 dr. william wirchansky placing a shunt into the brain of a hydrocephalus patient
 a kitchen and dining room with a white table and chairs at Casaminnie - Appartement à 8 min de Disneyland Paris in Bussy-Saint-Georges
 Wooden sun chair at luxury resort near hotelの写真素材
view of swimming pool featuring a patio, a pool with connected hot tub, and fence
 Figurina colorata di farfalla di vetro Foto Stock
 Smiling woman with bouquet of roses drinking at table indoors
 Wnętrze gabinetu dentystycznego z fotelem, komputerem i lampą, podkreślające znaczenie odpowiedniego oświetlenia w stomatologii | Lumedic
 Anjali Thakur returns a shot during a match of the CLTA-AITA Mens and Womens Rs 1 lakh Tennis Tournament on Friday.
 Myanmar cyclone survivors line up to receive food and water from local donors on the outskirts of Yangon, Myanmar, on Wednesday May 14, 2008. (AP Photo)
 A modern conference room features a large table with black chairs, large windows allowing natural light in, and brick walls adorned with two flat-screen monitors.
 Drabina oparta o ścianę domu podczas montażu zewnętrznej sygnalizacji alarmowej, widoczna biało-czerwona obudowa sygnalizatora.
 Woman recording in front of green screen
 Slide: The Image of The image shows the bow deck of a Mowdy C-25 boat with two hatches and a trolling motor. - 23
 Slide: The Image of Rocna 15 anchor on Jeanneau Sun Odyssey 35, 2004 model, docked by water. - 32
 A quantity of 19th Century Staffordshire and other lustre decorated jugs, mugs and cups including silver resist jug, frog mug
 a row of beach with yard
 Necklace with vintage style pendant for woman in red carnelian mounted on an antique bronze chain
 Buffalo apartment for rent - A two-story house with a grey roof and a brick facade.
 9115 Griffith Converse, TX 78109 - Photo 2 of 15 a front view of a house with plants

::::::

*WORK REQUIRED*. Copy word for word the stretch of entries above from the line that has "Figurina colorata di" through the line that has "Wnętrze gabinetu dentystycznego", both ends included, and nothing outside it.

*ANSWER TO THIS EXERCISE*.
 Figurina colorata di farfalla di vetro Foto Stock
 Smiling woman with bouquet of roses drinking at table indoors
 Wnętrze gabinetu dentystycznego z fotelem, komputerem i lampą, podkreślające znaczenie odpowiedniego oświetlenia w stomatologii | Lumedic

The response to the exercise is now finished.